● **Task prompt**: A faithful copy is required: retype the records from their first line through the line with "Engraved mother-of-pearl button", and omit the pictures.

BEGIN Entries shown

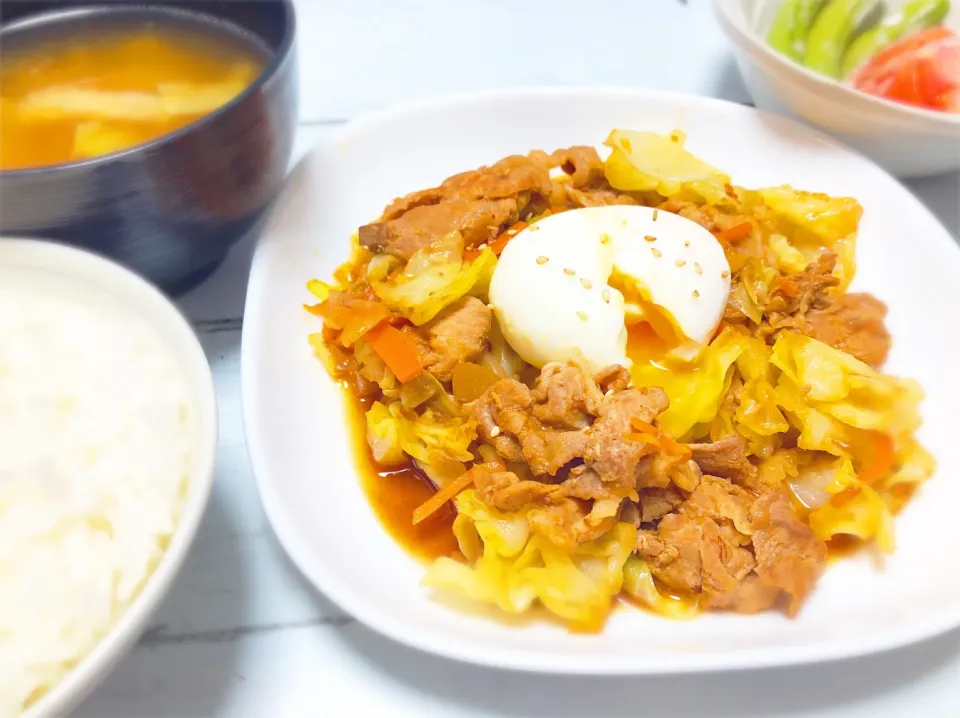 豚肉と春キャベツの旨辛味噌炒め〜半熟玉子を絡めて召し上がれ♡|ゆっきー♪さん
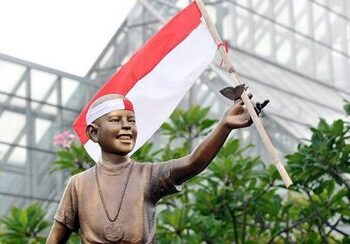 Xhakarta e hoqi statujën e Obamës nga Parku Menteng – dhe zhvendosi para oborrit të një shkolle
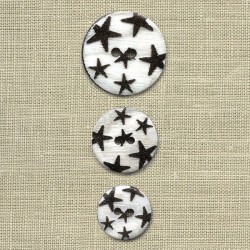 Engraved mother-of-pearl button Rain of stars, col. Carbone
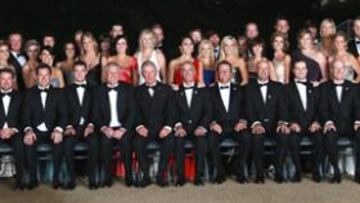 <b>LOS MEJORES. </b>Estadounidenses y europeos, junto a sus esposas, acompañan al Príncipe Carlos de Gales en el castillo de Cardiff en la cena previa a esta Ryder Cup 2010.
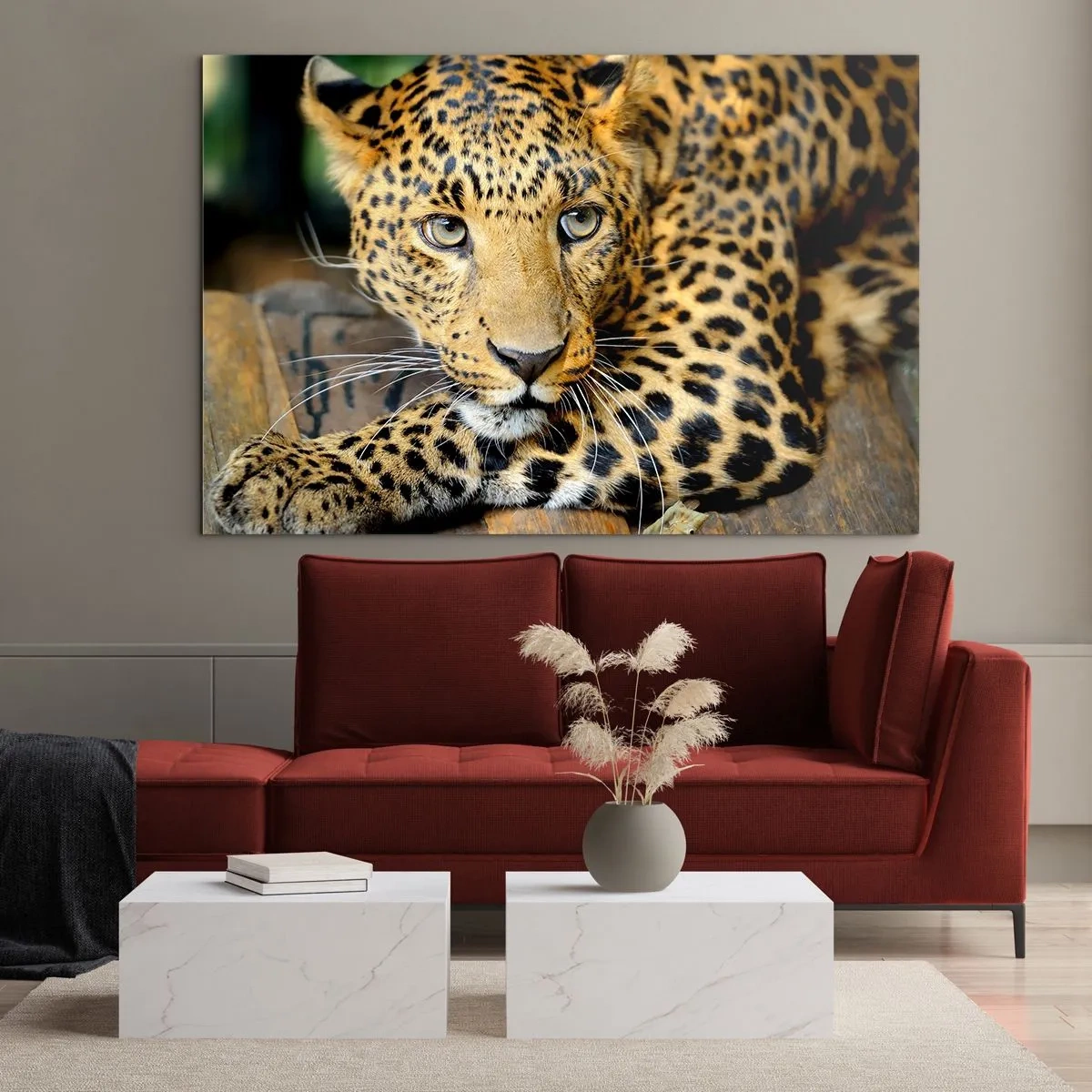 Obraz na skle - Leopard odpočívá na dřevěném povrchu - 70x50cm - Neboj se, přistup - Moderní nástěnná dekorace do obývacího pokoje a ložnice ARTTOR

END Entries shown

● **Finished exercise**:
 豚肉と春キャベツの旨辛味噌炒め〜半熟玉子を絡めて召し上がれ♡|ゆっきー♪さん
 Xhakarta e hoqi statujën e Obamës nga Parku Menteng – dhe zhvendosi para oborrit të një shkolle
 Engraved mother-of-pearl button Rain of stars, col. Carbone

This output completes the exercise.